Pedro fue de los primeros en entrar a la tumba vacía tras el informe de María Magdalena. El Jesús resucitado apareció después a Pedro personalmente y lo restauró públicamente preguntando tres veces: «¿Me amas?»
El día de Pentecostés, Pedro predicó a las multitudes en Jerusalén después de recibir el Espíritu Santo. Su poderoso sermón llevó a cerca de tres mil personas a aceptar la fe, marcando el nacimiento de la Iglesia cristiana.
Pedro sanó a un hombre paralítico de nacimiento en la Puerta Hermosa del Templo, declarando: «No tengo plata ni oro, pero lo que tengo te doy.» Este milagro demostró la autoridad y poder de los apóstoles.
Pedro extendió su ministerio a Antioquía, una de las ciudades más grandes del Imperio Romano. Su presencia ayudó a establecer esta ciudad como un centro principal del cristianismo primitivo, donde los creyentes fueron llamados «cristianos» por primera vez.
Siguiendo una visión divina, Pedro visitó al centurión romano Cornelio y lo bautizó junto con su familia. Este evento crucial abrió el cristianismo a los gentiles y transformó la Iglesia de una secta judía a una fe universal.

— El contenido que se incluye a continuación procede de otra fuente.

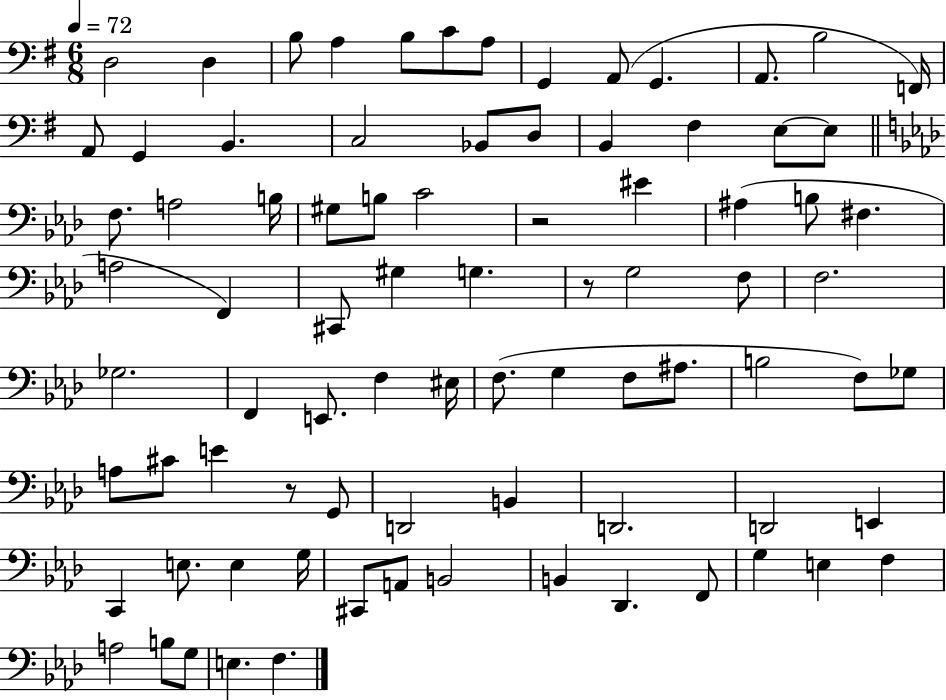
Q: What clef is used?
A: bass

El rey Herodes Agripa I encarceló a Pedro con la intención de ejecutarlo. Un ángel liberó milagrosamente a Pedro de sus cadenas y la prisión, demostrando protección divina y permitiéndole continuar su misión.
Pedro jugó un papel crucial en el Concilio de Jerusalén, argumentando que los conversos gentiles no necesitaban seguir la ley judía. Su testimonio sobre Cornelio ayudó a establecer el principio de la salvación por gracia mediante la fe.
Pedro viajó a Roma, capital del imperio, para liderar la comunidad cristiana allí. La tradición sostiene que sirvió como el primer Obispo de Roma, estableciendo los fundamentos del papado.
Pedro fue martirizado durante la persecución de cristianos por el emperador Nerón tras el Gran Incendio de Roma. Según la tradición, fue crucificado cabeza abajo por propia petición, sintiéndose indigno de morir de la misma manera que Jesús.